[Short web captions]
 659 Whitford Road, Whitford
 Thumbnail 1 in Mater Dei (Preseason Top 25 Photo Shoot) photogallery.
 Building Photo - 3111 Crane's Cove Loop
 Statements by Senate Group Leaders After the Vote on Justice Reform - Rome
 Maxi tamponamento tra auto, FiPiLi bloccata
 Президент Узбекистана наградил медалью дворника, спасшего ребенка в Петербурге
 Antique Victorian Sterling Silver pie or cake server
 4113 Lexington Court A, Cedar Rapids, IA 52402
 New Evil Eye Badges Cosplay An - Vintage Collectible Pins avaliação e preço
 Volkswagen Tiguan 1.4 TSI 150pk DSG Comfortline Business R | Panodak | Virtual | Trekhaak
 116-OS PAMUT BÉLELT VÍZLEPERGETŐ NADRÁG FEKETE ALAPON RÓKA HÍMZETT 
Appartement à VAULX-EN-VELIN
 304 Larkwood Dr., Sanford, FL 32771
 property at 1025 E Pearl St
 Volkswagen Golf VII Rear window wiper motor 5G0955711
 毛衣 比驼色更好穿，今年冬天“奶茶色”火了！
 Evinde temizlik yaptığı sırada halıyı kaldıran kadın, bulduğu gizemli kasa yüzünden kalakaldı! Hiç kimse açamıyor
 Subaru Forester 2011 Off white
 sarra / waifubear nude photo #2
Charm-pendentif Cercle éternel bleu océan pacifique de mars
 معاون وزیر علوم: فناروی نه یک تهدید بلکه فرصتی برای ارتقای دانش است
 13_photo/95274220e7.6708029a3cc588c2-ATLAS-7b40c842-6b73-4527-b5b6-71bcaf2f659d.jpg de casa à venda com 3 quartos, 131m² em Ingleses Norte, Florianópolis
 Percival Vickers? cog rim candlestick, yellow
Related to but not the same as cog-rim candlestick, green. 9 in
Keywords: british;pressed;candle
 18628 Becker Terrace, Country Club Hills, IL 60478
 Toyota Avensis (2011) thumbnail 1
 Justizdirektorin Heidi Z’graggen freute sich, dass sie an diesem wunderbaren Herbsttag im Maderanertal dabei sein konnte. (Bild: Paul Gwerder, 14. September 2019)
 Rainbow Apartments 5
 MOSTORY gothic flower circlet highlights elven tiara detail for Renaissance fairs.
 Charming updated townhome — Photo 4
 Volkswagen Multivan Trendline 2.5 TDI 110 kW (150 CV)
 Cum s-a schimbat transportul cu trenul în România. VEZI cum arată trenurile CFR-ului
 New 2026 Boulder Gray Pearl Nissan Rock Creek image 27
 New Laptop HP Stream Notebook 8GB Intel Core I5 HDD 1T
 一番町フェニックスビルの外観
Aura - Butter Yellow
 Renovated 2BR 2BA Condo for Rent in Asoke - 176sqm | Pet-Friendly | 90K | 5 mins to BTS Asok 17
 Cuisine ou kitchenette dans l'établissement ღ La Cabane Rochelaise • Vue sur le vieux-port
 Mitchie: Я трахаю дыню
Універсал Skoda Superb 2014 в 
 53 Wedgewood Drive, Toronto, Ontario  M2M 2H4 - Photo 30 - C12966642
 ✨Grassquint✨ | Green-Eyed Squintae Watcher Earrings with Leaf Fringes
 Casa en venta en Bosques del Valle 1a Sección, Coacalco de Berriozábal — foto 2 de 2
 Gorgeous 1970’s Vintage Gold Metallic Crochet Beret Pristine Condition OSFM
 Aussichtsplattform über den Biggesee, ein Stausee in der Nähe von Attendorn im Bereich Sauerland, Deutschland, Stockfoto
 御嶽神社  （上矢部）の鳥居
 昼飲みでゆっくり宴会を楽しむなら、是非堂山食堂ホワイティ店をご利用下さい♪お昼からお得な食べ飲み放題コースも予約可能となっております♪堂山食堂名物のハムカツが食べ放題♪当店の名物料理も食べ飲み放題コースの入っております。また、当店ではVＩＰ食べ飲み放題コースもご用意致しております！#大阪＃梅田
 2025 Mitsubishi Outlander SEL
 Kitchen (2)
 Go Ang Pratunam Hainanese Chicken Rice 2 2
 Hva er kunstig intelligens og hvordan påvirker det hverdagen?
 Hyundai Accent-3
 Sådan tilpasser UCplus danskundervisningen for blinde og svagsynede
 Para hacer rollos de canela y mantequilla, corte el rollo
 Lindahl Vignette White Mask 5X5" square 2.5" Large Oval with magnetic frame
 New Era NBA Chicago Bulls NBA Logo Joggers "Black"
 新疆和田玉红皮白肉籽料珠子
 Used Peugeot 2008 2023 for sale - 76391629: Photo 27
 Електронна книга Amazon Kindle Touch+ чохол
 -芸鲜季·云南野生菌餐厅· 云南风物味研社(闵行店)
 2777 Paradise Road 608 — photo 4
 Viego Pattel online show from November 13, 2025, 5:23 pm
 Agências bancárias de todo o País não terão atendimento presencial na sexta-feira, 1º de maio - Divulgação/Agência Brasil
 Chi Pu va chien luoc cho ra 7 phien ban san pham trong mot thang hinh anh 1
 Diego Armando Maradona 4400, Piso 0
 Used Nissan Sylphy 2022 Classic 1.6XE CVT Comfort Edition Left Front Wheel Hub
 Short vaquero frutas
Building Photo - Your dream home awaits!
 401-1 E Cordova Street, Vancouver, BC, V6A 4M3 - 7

The problem = Print every line from the one that contains "新疆和田玉红皮白肉籽料珠子" to the end of the records, exactly as written, and nothing more.

Result for this task =
 新疆和田玉红皮白肉籽料珠子
 Used Peugeot 2008 2023 for sale - 76391629: Photo 27
 Електронна книга Amazon Kindle Touch+ чохол
 -芸鲜季·云南野生菌餐厅· 云南风物味研社(闵行店)
 2777 Paradise Road 608 — photo 4
 Viego Pattel online show from November 13, 2025, 5:23 pm
 Agências bancárias de todo o País não terão atendimento presencial na sexta-feira, 1º de maio - Divulgação/Agência Brasil
 Chi Pu va chien luoc cho ra 7 phien ban san pham trong mot thang hinh anh 1
 Diego Armando Maradona 4400, Piso 0
 Used Nissan Sylphy 2022 Classic 1.6XE CVT Comfort Edition Left Front Wheel Hub
 Short vaquero frutas
Building Photo - Your dream home awaits!
 401-1 E Cordova Street, Vancouver, BC, V6A 4M3 - 7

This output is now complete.